- _WORK REQUEST_:
The output should be every line below that includes the word "Picture".

- _DATA SUPPLIED_:

__________

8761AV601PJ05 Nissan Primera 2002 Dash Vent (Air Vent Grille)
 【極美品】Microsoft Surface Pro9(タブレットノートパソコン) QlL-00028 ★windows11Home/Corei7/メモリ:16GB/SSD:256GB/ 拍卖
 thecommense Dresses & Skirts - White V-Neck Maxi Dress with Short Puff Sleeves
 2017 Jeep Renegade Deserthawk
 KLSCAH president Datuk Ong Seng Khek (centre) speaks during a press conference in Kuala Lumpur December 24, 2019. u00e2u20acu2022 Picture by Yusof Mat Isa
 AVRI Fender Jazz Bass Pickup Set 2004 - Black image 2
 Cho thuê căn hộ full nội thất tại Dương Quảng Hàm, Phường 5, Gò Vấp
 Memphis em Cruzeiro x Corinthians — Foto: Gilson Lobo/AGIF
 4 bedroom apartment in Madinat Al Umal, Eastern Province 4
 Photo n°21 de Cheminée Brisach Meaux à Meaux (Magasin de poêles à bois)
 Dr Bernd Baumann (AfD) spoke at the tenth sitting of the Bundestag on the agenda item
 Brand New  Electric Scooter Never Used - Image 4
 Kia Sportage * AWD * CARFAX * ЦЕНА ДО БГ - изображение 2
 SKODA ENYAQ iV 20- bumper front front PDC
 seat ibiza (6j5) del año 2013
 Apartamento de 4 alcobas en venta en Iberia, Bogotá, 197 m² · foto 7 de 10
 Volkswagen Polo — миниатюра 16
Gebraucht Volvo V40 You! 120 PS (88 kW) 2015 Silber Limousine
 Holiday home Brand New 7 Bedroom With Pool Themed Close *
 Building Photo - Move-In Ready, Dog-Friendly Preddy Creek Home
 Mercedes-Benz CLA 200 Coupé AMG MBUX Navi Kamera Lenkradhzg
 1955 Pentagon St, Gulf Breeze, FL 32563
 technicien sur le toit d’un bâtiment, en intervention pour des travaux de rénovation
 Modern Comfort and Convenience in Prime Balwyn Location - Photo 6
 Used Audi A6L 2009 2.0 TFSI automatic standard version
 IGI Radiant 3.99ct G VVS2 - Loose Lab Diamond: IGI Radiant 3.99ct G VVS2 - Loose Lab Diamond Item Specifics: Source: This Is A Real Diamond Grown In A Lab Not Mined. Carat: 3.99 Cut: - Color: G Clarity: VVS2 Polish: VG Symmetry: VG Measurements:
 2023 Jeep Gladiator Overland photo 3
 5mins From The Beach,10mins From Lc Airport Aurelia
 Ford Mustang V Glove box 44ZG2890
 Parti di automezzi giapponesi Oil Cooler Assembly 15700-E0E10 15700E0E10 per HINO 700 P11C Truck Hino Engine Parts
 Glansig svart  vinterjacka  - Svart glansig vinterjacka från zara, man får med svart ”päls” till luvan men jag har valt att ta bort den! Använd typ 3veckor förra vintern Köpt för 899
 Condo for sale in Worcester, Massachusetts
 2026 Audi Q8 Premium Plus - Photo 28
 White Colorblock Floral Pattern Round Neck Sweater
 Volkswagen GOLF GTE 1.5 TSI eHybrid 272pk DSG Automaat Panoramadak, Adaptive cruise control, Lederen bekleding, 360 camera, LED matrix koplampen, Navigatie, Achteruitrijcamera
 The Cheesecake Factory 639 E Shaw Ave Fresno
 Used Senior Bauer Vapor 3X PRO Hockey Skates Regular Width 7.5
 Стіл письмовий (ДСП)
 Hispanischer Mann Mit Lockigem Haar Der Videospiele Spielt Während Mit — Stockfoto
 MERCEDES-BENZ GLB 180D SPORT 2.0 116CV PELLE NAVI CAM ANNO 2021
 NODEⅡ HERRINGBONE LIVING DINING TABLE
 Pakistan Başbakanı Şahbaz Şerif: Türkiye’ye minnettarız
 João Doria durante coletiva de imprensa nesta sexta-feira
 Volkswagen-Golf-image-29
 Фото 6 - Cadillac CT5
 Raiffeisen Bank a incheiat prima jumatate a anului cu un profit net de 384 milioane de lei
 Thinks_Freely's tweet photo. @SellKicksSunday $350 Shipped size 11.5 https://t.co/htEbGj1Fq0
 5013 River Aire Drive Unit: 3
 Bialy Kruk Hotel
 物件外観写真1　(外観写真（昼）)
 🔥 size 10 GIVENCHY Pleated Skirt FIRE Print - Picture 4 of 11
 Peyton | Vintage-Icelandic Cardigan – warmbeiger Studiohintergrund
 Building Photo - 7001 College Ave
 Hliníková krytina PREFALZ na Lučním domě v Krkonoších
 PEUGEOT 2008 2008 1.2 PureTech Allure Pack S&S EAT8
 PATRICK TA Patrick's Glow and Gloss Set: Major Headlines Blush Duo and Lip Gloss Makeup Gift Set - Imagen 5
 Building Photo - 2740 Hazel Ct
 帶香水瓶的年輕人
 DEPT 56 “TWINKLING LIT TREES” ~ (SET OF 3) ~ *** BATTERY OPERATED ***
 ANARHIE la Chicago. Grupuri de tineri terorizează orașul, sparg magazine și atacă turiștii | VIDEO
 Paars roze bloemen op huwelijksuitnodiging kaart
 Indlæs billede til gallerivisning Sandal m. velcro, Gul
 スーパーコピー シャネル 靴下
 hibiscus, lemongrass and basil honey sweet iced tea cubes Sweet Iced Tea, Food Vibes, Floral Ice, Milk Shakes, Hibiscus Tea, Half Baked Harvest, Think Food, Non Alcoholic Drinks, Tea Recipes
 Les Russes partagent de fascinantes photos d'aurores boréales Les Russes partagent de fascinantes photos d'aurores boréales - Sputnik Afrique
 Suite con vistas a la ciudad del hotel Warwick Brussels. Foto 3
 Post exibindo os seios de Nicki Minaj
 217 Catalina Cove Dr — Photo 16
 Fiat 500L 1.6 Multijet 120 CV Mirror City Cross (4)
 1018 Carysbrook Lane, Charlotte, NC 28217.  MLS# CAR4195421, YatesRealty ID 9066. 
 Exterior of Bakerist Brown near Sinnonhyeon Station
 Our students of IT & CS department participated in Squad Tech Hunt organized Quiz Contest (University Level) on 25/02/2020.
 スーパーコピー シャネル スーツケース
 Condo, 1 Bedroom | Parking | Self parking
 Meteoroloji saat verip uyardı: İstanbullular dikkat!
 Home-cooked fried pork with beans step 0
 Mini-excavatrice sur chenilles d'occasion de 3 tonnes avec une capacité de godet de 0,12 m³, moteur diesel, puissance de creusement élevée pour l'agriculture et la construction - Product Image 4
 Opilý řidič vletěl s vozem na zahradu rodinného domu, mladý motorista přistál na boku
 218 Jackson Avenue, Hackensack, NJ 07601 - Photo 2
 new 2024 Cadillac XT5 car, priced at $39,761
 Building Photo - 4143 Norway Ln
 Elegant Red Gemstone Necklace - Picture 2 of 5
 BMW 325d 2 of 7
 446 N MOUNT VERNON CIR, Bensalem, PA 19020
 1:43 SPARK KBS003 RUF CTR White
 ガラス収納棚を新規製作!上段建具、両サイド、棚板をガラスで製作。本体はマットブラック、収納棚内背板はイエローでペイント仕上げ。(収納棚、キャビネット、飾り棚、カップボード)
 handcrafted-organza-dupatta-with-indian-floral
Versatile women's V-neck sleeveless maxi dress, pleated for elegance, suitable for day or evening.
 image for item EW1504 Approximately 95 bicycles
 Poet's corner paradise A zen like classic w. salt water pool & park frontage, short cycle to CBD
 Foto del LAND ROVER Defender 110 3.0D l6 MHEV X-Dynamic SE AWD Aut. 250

__________

- _EXERCISE SOLUTION_:
 KLSCAH president Datuk Ong Seng Khek (centre) speaks during a press conference in Kuala Lumpur December 24, 2019. u00e2u20acu2022 Picture by Yusof Mat Isa
 🔥 size 10 GIVENCHY Pleated Skirt FIRE Print - Picture 4 of 11
 Elegant Red Gemstone Necklace - Picture 2 of 5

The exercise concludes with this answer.